In one of the bloodiest massacres in recent months, militants struck two remote Hindu-dominated mountainous villages in occupied Doda district, some 170 km (100 miles) north-east of occupied Jammu early on Monday, and gunned down 22 Hindus.
On the same day, bullet-ridden bodies of nine Hindus were recovered from neighbouring Udhampur district. Police said the dead were Hindu cattle herdsmen reportedly kidnapped by suspected militants late on Sunday. Four of them were found dead on Sunday itself. No group claimed responsibility for the attacks.
Prime Minister Singh, who is due to meet Kashmiri leaders on Wednesday and would travel to the violent region later this month for a Kashmir "roundtable", condemned the attack.
"People of Kashmir have rejected and rebuffed terrorists repeatedly," Singh said.
Witnesses of the Doda attack told a chilling story of a midnight knock followed by bursts of gunshots.
"It was a late hour knock," Rakesh Kumar said. "I told my brother not to open the door but he didn't listen and was whisked away to a nearby spot where he was shot."
He said the militants, some dressed in police uniforms while others in traditional Kashmiri dress - a long, loose shirt and trousers - split themselves into two groups before opening fire.
"They attacked two localities simultaneously," he said, adding there are more than 500 families live in the area, a majority of them Hindus.
Gulzar Ahmed Qureshi, a top Doda official, told Reuters the villagers were asked to assemble outside the house of the village head and later shot dead. "Yes, they are all Hindus," he added.
One wounded man told Sahara News television channel over the telephone that militants "took one man from each house".

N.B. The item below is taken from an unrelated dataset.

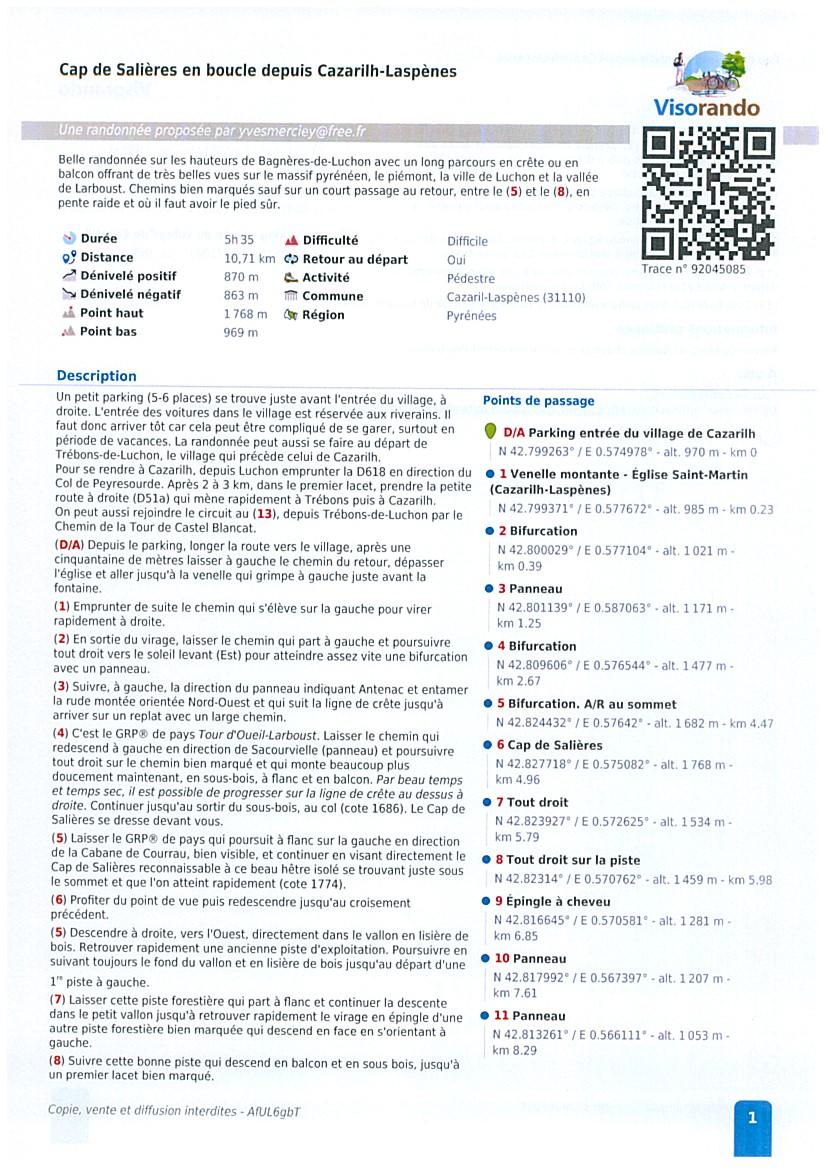 Boucle de cazarilh laspenes feuillet n 2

"The others they told to go inside. They said they would set us free later. After going some distance, they started beating us up and then opened fire," the witness said. The Hizbul Mujahideen, the largest militant group, denied any role in the attack. "We strongly condemn these killings which seem to be a conspiracy of Indian security agencies to malign the ongoing freedom struggle and Mujahideen (holy warriors)," a spokesman of the group said in telephone calls to local newspaper offices in occupied Srinagar. Hurriyat chief Mirwaiz Umar Farooq condemned the attack, terming it "an act of terrorism". "This has not gone well with people who don't want the peace process to succeed," said puppet Kashmir's chief minister, Ghulam Nabi Azad.